JamesRigoberto@reddit (OP)
From the point of view of planning we do not allocate any manpower to maintenance. We try to fix issues within 5 days since they arise. If they cause critical problems or block people, we try to fix them within a day. We don't let the bug bucket grow. I see multiple reasons to why the number increased, to name a few, no proper testing, no proper planning (some of the issues are users want a feature to behave differently), not enough features (some issues are manually updating data, we are starting to script this but still developers have to run the scripts). There have been domains in which the same issue has appeared multiple times. Although not many issues could self-heal, some of them could benefit from an auto reboot.
We have tried talking to management and product, unfortunately the company is becoming too hierarchical and don't listen to lower levels.
Usually there is no pressure to release features, so I don't see the need to bump development estimates. For months it has been the case that not many new features are released or planned.
johnpeters42@reddit
So where is management/product directing their "mainly development" mandate? On other projects? Whatever it is, the idea is that you can plan for a certain amount of maintenance behind the scenes, regardless of what they plan and what you report back to them.
JamesRigoberto@reddit (OP)
The process quarter process usually is like this: at the beginning of the quarter product plans in X epics. From those epics only 1 or 2 would be completely defined and ready to work on. At the sprint planning there is little room to introduce new stories since not enough of them have been finished. So features are always delayed and postponed.
Product and management don't consider maintenance when planning. There is no proper track of how many hours we spend doing those tasks. And sometimes to change one line of code you have to spend hours of meetings to gather what the user wants and how the product is meant to behave.
You are correct the idea is that we do maintenance behind the scenes. The problem is that this is not behind the scenes any longer and takes us most of our time.
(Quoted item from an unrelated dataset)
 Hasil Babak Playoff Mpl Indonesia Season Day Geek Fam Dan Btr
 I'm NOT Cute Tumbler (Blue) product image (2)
Also there is no proper tracking of all of this maintenance work.
Comprehensive-Pea812@reddit
core company mistake, not budget for maintenance or less budget.
they should at least budget for 50-50 and an unused maintenance budget can be used to improve the quality of delivery.
company being stingy with maintenance budget will see their system root and people are trying to leave
JamesRigoberto@reddit (OP)
Unfortunately the team is very small. We are 5 developers to manage a large number of services. Each sprint one of us will be in filtering issues and solving as many as he can. And another person is in charge of the release pipeline. When on those roles you have some spare time, but not enough time as to focus on other tasks.
We have asked to hire somebody to increase the automation of the QA procces. But growth is been more vertical now. They are looking for managers.
mxdx-@reddit
Once an application has been live for a while, issues inevitably surface, be it CVEs, deprecated libraries, or necessary updates. Unless there's a dedicated maintenance team, these tasks should be handled like any other sprint work: tracked as tickets, added to the backlog, refined, and prioritized. A good rule of thumb is to reserve a portion of sprint capacity for maintenance. Over time, this reduces tech debt and makes such work more occasional than recurring.
JamesRigoberto@reddit (OP)
We do have those common issues and most of the times they are pushed to be resolved within days, so not much planning there, just putting current work aside and dealing with them as they come.
We usually have 1 or 2 story points per sprint for refactoring. But I feel is not enough.